While we'd already made a test app for WebSockets, the main idea here was for me to start thinking about logging and what sort of protocols we should start assembling for such a thing.

Logging seems like a simple thing to accomplish, but there is definitely some nuance that tends to get overlooked, like how to archive them, where to actually place the lines so that it actually logs useful information, and thinking about levels of logs, like info, warning, error, etc.

We decided that we were going to use Loguru for our Python logging, which seems to be pretty robust and definitely very simple to use. You just add a line like this: logger.add("./logs/file_{time}.log", enqueue=True, rotation="15 minutes") and then call logger.info("string") wherever needed.

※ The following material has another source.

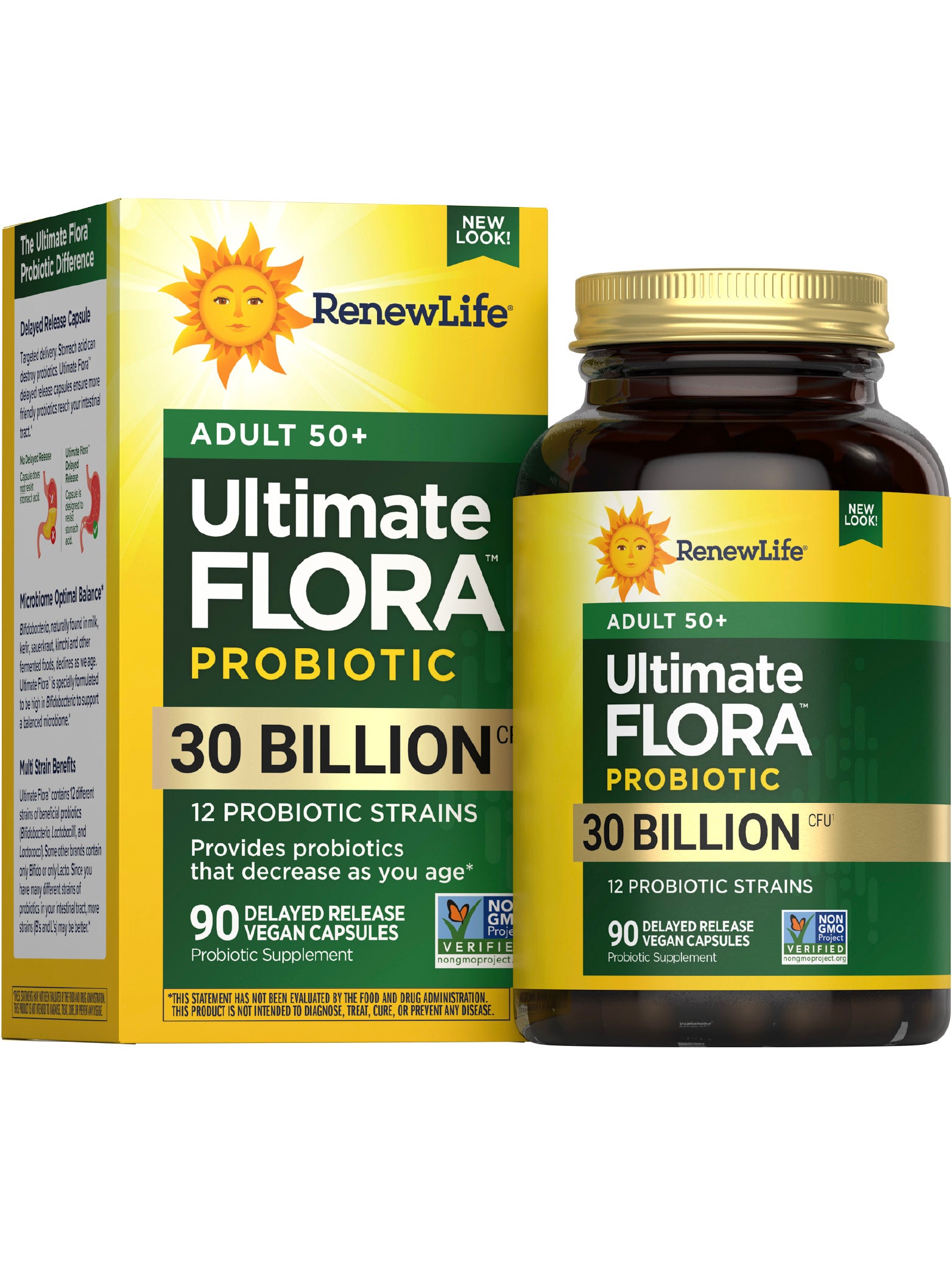 Ultimate Flora 50+ Probiotic 30 Billion CFU - 90 Delayed Release Vegan Capsules for Digestive & Immune Support - Perfect for Adults Over 50 & Gut Health Maintenance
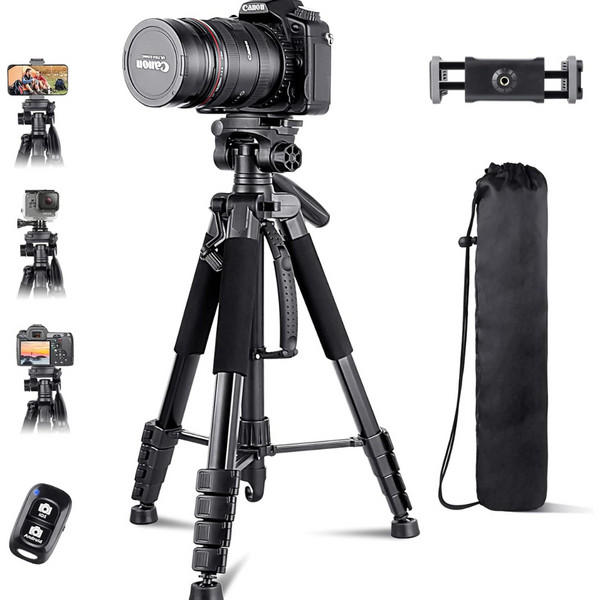 74" Extendable Cell Phone & Camera Tripod Stand With Remote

There are a bunch of options for it, as well, such as backtracing and diagnosing.

Once I got the logging done pretty well with the WebSockets app, he wanted to try adding logging to another FastAPI app that uses LangChain streams to stream AI chat to the screen, kind of like how it is on the ChatGPT website. It definitely makes for a more interactive experience rather than the normal command line behavior of having to wait for it to output the entire response, which could take upwards of several minutes. At least you can watch the words appear on the screen with a stream.

Unfortunately, I ran into some pretty annoying problems trying to get that LangChain FastAPI app to run via a server connection, particularly in the CORS domain, so I ended up having to give up on making it work.

At this point, which was Thursday afternoon, my boss had already wanted me to start on another project, which was another revisit of a topic. He wanted me to take that data generation that I had had before and start producing more fake data for more legal subpractices, like at least 50 of them from what I could estimate.

From what I'd learned from watching some videos on LangChain, I felt like I could definitely rebuild my old data generation script into a LangChain that would perform far more efficiently and with less overhead. So my most recent task was doing that. Though, my boss also wanted me to help my coworker with adding logging to the main app's backend FastAPI, so I just gave him a rundown on how Loguru works when he told me. Then I got to work thinking about how I'd implement this new LangChain app, and that's where I left off on Friday.

So let's start this week off on that note as I finish this post on a Sunday night. Cheers.